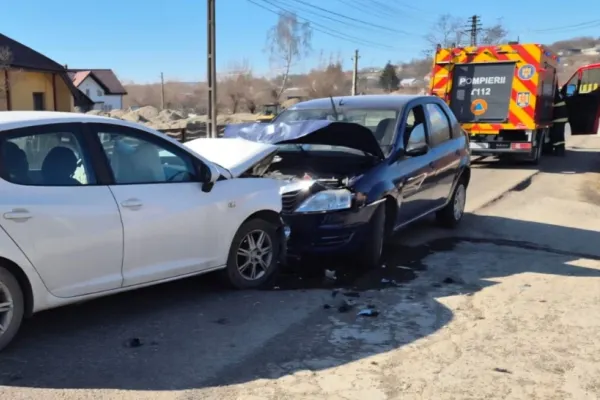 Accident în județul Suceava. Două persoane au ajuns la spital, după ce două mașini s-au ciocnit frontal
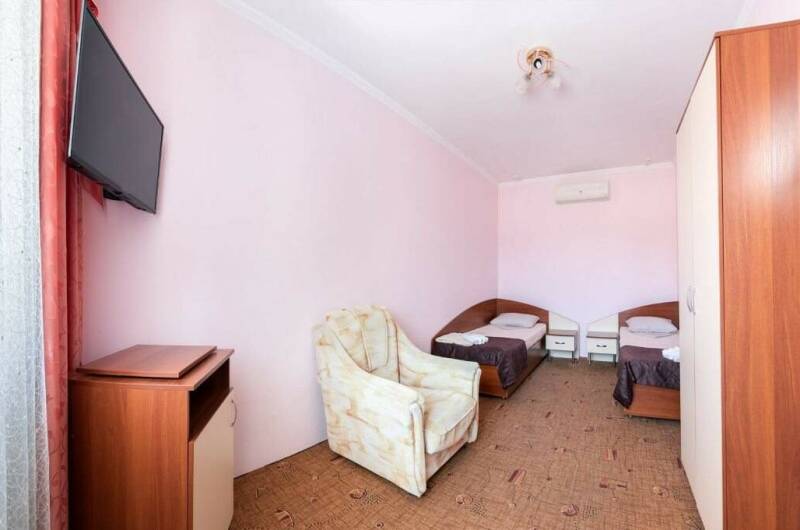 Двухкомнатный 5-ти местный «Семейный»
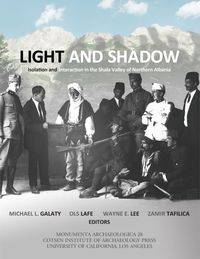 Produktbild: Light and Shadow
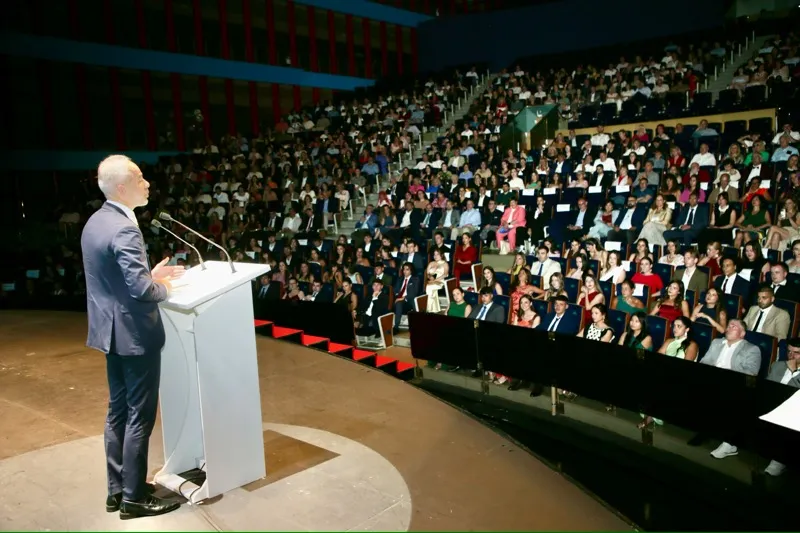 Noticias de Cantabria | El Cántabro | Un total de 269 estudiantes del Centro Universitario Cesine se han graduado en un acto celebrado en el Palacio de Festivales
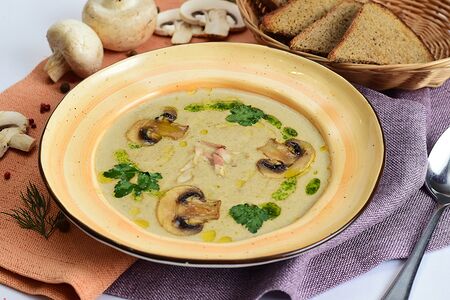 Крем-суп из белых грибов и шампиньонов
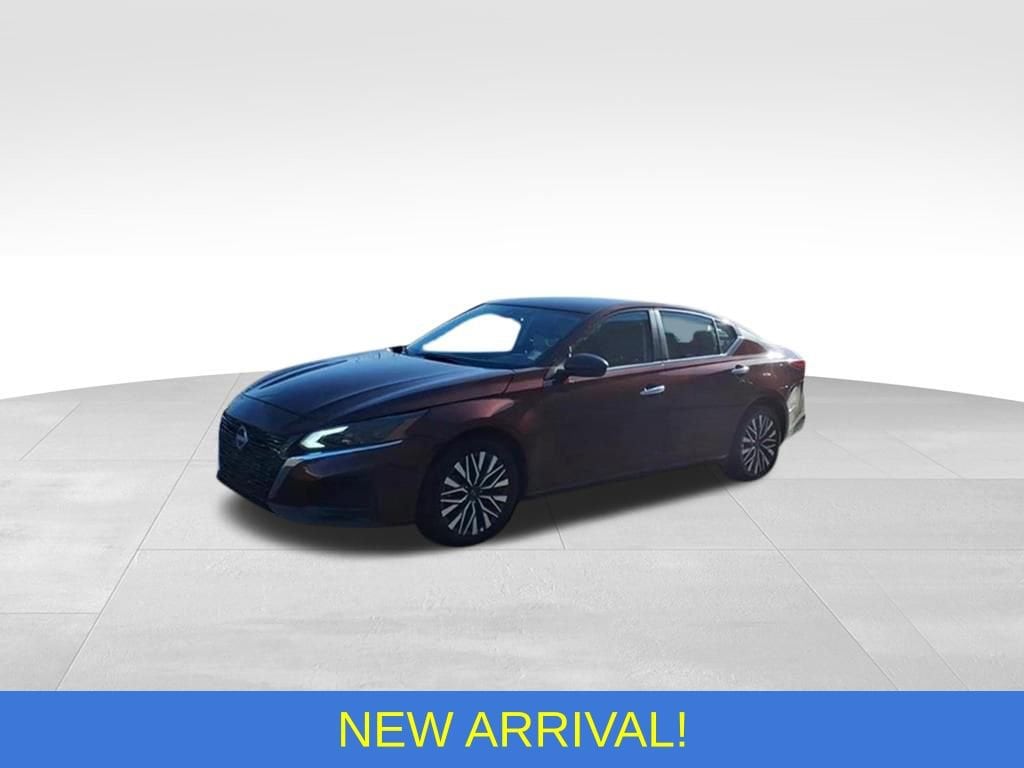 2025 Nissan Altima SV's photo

__Exercise requirements__.
Return the material word for word. Pictures are not part of the copy.

__Result for this task__.
 Accident în județul Suceava. Două persoane au ajuns la spital, după ce două mașini s-au ciocnit frontal
 Двухкомнатный 5-ти местный «Семейный»
 Produktbild: Light and Shadow
 Noticias de Cantabria | El Cántabro | Un total de 269 estudiantes del Centro Universitario Cesine se han graduado en un acto celebrado en el Palacio de Festivales
 Крем-суп из белых грибов и шампиньонов
 2025 Nissan Altima SV's photo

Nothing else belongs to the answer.